Die Sophisten bildeten weder eine geschlossene philosophische Strömung noch gab es sophistische Schulen. Das Zentrum der Sophistik, sprich der von den Sophisten vertretenen Lehre und geistesgeschichtlichen Strömung, war die in ihrer Blüte stehende Stadt Athen. Gemeinsam war ihnen die Fixierung auf den Logos; man war der Überzeugung, durch die Wahl der richtigen Worte entscheidenden Einfluss auf das Denken der Mitmenschen ausüben zu können. Aus diesem Grunde war Unterricht bei ihnen begehrt, da Redekunst im Kontext der zu ihrer Zeit aufblühenden Attischen Demokratie große Bedeutung gewann, wenn man die Volksversammlung oder Geschworenengerichte überzeugen wollte.

Sophisten wollten junge Männer darin unterstützen, sich Kenntnisse und Fertigkeiten anzueignen, mit denen diese im Zuge ihrer öffentlichen Pflichten einen Beitrag zum Bestand der Polis leisten und ihre eigenen Interessen verfolgen konnten. Für den Unterricht ließen sie sich bezahlen. Viele Sophisten gingen offenbar davon aus, dass die Götter nicht das menschliche Schicksal lenken, bestritten aber deren Existenz nicht. Letzteres hätte nach Maßgabe der Asebiegesetze zur Verbannung oder, wie im Fall des Sokrates, zur Todesstrafe geführt. Gemeinsam war vielen ihre Tätigkeit als Wanderlehrer, für die sie durch die Städte der damaligen griechischen Welt reisten (vor allem Peloponnes, Thessalien, Süditalien).

Die Quellen über Platon und Aristoteles hinaus sind sehr dürftig; nur wenige Texte der Sophisten sind erhalten. Vertreter der Philosophiegeschichte zählen die Sophisten oft zu den Vorsokratikern. Die philosophische Bewertung der Sophisten war lange Zeit (und großteils bis heute) stark von dem negativen Bild geprägt, das Platon, Aristophanes und Aristoteles gezeichnet haben. Sie warfen den Sophisten vor, aus Geldgier junge Männer in der Kunst der egoistischen Manipulation zu unterweisen, statt der Suche nach Wahrheit zu dienen. Neuerdings gibt es z.B. unter dem Stichwort „Rehabilitation“ andererseits eine Anerkennung der sophistischen Bewegung, die ihr u. a. eine wichtige Rolle in der zeitgenössischen Politik Athens zuschreibt.

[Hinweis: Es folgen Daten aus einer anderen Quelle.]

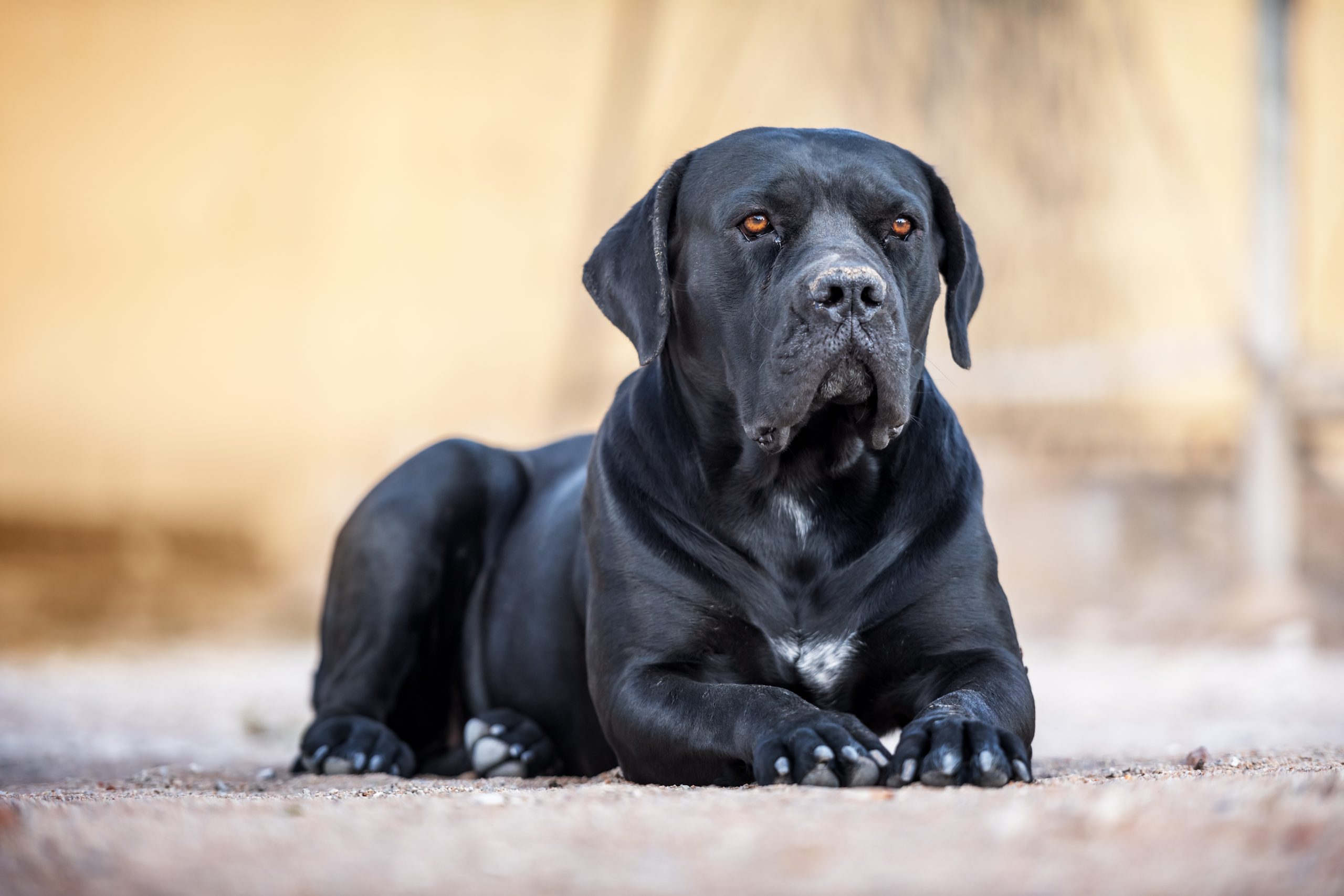 , Cane Corso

Rhetorische Figuren ohne Wahrheitswert, die zu Fehlschlüssen verleiten, werden bis heute oft als Sophismen bezeichnet. Im bildungsbürgerlichen Diskurs des 18., 19. und frühen 20. Jahrhunderts wurde Sophisterei auch als abwertende Bezeichnung für Rabulistik verwendet, und bis heute bezeichnet das Wort Sophist auch einen Wortklauber oder Blender, der zwecks Durchsetzung eines Standpunkts zu einem Thema bewusst irreführend und manipulativ argumentiert.

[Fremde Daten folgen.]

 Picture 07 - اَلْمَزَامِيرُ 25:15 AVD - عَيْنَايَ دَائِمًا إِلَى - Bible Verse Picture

Entstehung und Aufbau des sophistischen Unterrichts[Bearbeiten]

In der zweiten Hälfte des 5. Jahrhunderts v. Chr. stand die Stadt Athen in ihrer kulturellen Blüte. Nicht zuletzt die junge Attische Demokratie, in der es beliebte Politiker weit bringen konnten, brachte ein Bedürfnis nach Unterricht in allen Fächern hervor, die zur politischen Tätigkeit befähigen sollten. Als Lehrer befriedigten die Sophisten dieses, vermittelten aber auch Allgemeinbildung im weitesten Sinn, etwa Kosmologie, Grammatik, Interpretation der Dichter, Mythologie, Staatsphilosophie, Religionsphilosophie, Kulturgeschichte, Recht, Naturwissenschaft, Mathematik usw. Sie wurden in der Folge auch als Universalgelehrte oder die Enzyklopädisten der Antike bezeichnet. Ihr wichtigstes Ausbildungsfach war allerdings Rhetorik, die man allgemein für politische Erfolge bei demokratischen Abstimmungen als notwendig erachtete.

Die sophistische Tätigkeit nahm verschiedenste Formen an, etwa Lebensberatung, juristische und politische Beratung, Erziehungstätigkeit in reichen Häusern, Beistand bei Prozessen, Vorträge, öffentliche Disputationen sowie feierliche Reden. Für ihren Unterricht stellten die Sophisten vermutlich diverse Materialien einigermaßen systematisch zusammen, die sie aus der politischen Praxis, aus tradiertem Familienwissen und dem Umgang mit Staatsmännern gewonnen hatten. Sicher flossen dabei auch Erfahrungen gerichtlicher Praxis ein, deren Hauptbestandteil Reden waren. Zu den Geldsummen, die die Sophisten verlangt haben, liegen unterschiedliche Angaben vor. Nach einigen Berichten sollen sie teilweise exzessiv hoch gewesen sein. Prodikos von Keos soll laut Platon neben einem Billigkurs für eine Drachme einen gründlichen Kurs für 50 Drachmen angeboten haben. Theoretisch war es seit den Sophisten also nicht nur der Aristokratie, sondern grundsätzlich allen Menschen möglich, sich ausbilden zu lassen. Wer sich den Unterricht tatsächlich leisten konnte und wer nicht, bleibt fraglich. Ständige Schüler oder Anhänger, wie das bei Sokrates, Platon und Aristoteles der Fall war, hatten die Sophisten (bis auf möglicherweise Gorgias) nicht.

Zur rhetorischen Schulung und Disputierkunst gehört die Berücksichtigung und Einübung des Umstands und der Erfahrung, dass es zu jeder Frage, zu jedem Problem gegensätzliche Argumentationen gibt. Systematisches Argumentieren Pro und Contra wurde von den Sophisten entwickelt. Unbeliebt machten sich manche von ihnen mit ihrer Diskussionspraxis im halböffentlichen philosophischen Streitgespräch, wenn sie auf Sieg mit allen Mitteln, einschließlich Trugschlüssen setzten.